No obstante, como humanos que somos, también hay que ser realistas. No todo es color de rosa. Iren tiene un programa de venta de acciones ("at-the-market") de hasta $6.000 millones para financiar toda esta expansión. Eso significa que, de vez en cuando, saldrán nuevas acciones al mercado, lo que puede "diluir" un poco el valor para los que ya están dentro. Es el precio que hay que pagar por construir las catedrales digitales del siglo XXI: se necesita muchísimo capital constante.

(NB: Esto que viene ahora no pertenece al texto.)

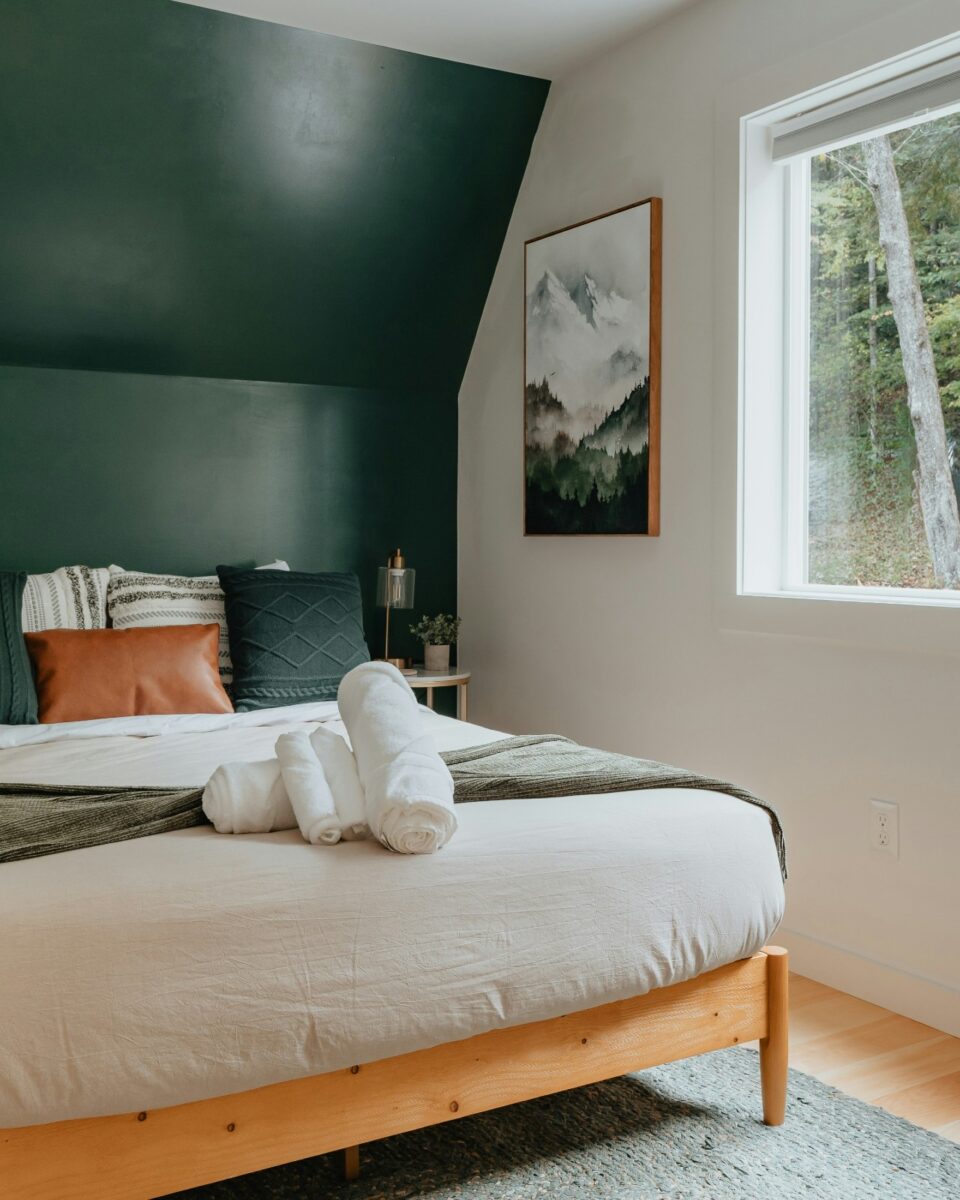 Dal salvia allo smeraldo: come valorizzare la camera da letto con il verde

La sensación que queda tras este cierre de jornada es que Iren ha cruzado el Rubicón. Ya no es una promesa; es un socio estratégico de la empresa más importante del ecosistema tecnológico actual. La caída matutina fue un recordatorio de que el camino de la infraestructura es caro y difícil, pero el rally nocturno es la prueba de que el mercado valora la visión a largo plazo.
Para quienes siguen de cerca las acciones de Iren Ltd, la clave de los próximos meses no estará tanto en cuántos Bitcoins minen, sino en la rapidez con la que puedan encender esos gigavatios de potencia en Texas y España. La demanda de IA no parece tener techo, y Iren acaba de asegurarse de que Nvidia sea quien le suministre el oxígeno para seguir escalando.
En resumen, hemos pasado de un informe de ganancias que parecía un funeral a una fiesta de compromiso con Nvidia. Iren Ltd ha demostrado que sabe jugar sus cartas en el momento oportuno. Aunque la volatilidad seguirá siendo la compañera de viaje habitual de estas acciones, el respaldo de un contrato de $3.400 millones y la entrada de capital de Nvidia actúan como un paracaídas de lujo.
Hoy, Iren no solo ha salvado los muebles; ha empezado a construir una mansión. El mercado ha hablado: prefiere un futuro brillante y ambicioso a un presente de balances ajustados. Habrá que ver si el precio de $70 llega antes de lo previsto, pero tras lo visto hoy, nadie se atrevería a apostar en contra.